Property experts react and give advice.
UK inflation surged to its highest annual growth rate in 40 years, exacerbating further the country’s cost-of-living crisis caused by the rising costs of fuel and other goods.
Official government figures released today showed the Consumer Prices Index (CPI) rose by 9% in the 12 months to April 2022, up from 7% in March.
This growth was probably the fastest since 1982, according to the Office for National Statistics, though records began in their current form only in 1989. The previous high of an 8.4% annual increase was recorded in March 1992, during the early 1990s recession.
On a monthly basis, CPI rose by 2.5% in April 2022, compared with a rise of 0.6% in April 2021.
The Bank of England has predicted that inflation could even surpass 10% later this year, which will likely force its hand in making another base rate hike, adding to the four consecutive interest rate increases it has implemented since December, pushing the bank rate up to 1%.
Economists and experts in the property industry believe this will probably happen.
“The latest rise in inflation to 9% will increase the chance of the Bank of England’s Monetary Policy Committee lifting the base rate in June, potentially by as much as 0.5%,” Simon Webb, MD of capital markets and finance at mortgage lender LiveMore, said.
“This was the preferred option of three of the nine MPC members at their last meeting in early May. That will be a real blow for mortgage borrowers on variable rates whose monthly payments have potentially already gone up four times in five months,” he continued.
Alan Fitzpatrick, vice president of lending operations at mortgage broker Habito, said that if the bank does choose to hike rates again, those on a standard variable rate mortgage, could see monthly mortgage repayments rocketing, when compared with the period of historic low rates in the last 10 plus years.
“The ‘winners’ from rising inflation are borrowers on longer fixed-rate deals. These homeowners know that their monthly repayment amounts will stay the same for years, and won’t be subject to the types of shocks we’ve seen in energy, food, and petrol bills. However, those on shorter fixes, or with deals expiring soon, could face a bit of a rate shock when they come to remortgage,” he pointed out.
“For homeowners with deals expiring in the next six months, now is the time to look at whether fixing their mortgage costs is the right course of action. Mortgage rates are rising, but there are lenders out there which allow you to lock in a deal six months early.”

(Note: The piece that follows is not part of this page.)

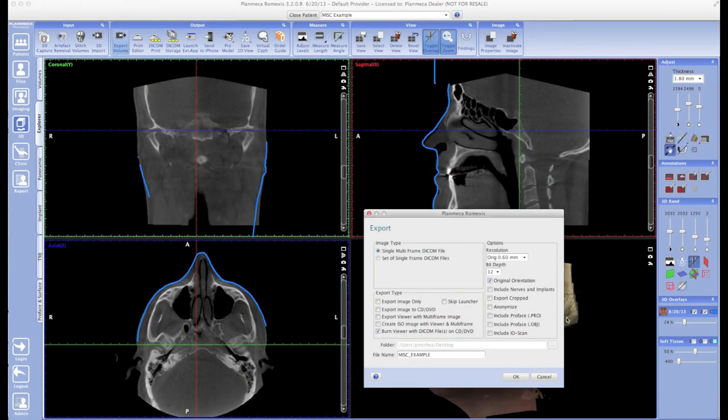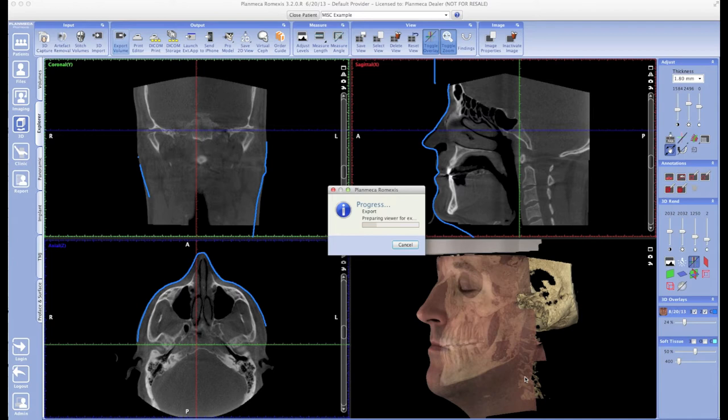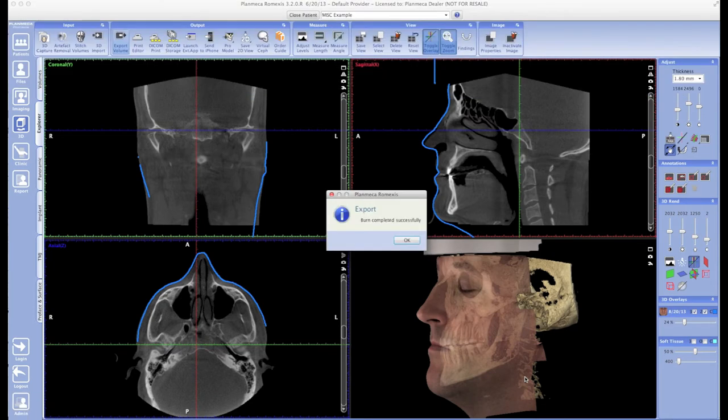Burning a disc can take anywhere from four to six minutes. This one in particular took about four and a half minutes—it's completely normal for it to take that long. I sped this part of the video up for convenience. Now, the discs are both Macintosh and Windows compatible, so all the user would have to do is pop the disc into their respective computers and double-click the Romexis viewer icon.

He added that long term fixed rate mortgages could also be worth considering for homeowners wanting more certainty over their repayments, to which Webb also agreed.
“Now is the perfect time for borrowers to lock into a long-term fixed rate mortgage and this will be especially advantageous for borrowers aged 50 to 90 plus,” Webb added.
Graham Wells, financial coach at Haddington-based GroWiser Financial Coaching, remarked that the combination of high inflation and historically low interest rates could be seen as good news for borrowers. He said the real value of debt is being eroded by inflation, yet interest payments remain relatively low.
But for some people, Fitzpatrick said, the impact of inflation will take a big toll on their monthly outgoings.
“We’ve already had enquiries from some customers wanting to remortgage to change their term from 20-years remaining to 30-years remaining, to reduce their monthly repayment amount.”
Joshua Gerstler, chartered financial planner at Borehamwood-based The Orchard Practice, said that for a whole generation, this is the first time that inflation has been seen at these levels.
“While we continually tell those we look after that inflation is one of the biggest threats to their long-term wealth, people are now seeing with their own eyes for the very first time that it is indeed the case,” he said.